◆ WORK TO COMPLETE
Every line below that contains the word "Used" must be copied.

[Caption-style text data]
=== Begin Enclosure ===

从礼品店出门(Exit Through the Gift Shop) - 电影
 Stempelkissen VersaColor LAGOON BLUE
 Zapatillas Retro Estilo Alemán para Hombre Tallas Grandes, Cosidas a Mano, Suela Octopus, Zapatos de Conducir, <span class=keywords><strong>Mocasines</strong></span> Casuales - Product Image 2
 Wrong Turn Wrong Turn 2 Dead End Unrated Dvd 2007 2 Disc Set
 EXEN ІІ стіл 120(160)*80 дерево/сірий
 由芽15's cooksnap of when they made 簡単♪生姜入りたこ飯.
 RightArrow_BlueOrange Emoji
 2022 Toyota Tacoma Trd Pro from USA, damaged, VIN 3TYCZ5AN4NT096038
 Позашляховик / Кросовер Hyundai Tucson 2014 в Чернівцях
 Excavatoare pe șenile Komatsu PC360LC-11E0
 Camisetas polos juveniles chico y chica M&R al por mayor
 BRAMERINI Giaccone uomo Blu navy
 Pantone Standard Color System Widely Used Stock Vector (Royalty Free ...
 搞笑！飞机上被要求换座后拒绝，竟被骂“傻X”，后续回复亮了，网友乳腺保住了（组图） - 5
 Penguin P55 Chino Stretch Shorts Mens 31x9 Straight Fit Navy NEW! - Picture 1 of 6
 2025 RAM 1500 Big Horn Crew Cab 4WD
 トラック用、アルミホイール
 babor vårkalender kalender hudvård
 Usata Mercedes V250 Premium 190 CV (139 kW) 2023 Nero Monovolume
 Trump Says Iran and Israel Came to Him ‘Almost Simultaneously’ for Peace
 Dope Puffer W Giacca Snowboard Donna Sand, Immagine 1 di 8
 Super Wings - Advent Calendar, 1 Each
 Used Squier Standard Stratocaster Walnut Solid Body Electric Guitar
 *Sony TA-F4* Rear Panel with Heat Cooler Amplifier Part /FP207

=== End Enclosure ===

◆ EXERCISE ANSWER
 Pantone Standard Color System Widely Used Stock Vector (Royalty Free ...
 Used Squier Standard Stratocaster Walnut Solid Body Electric Guitar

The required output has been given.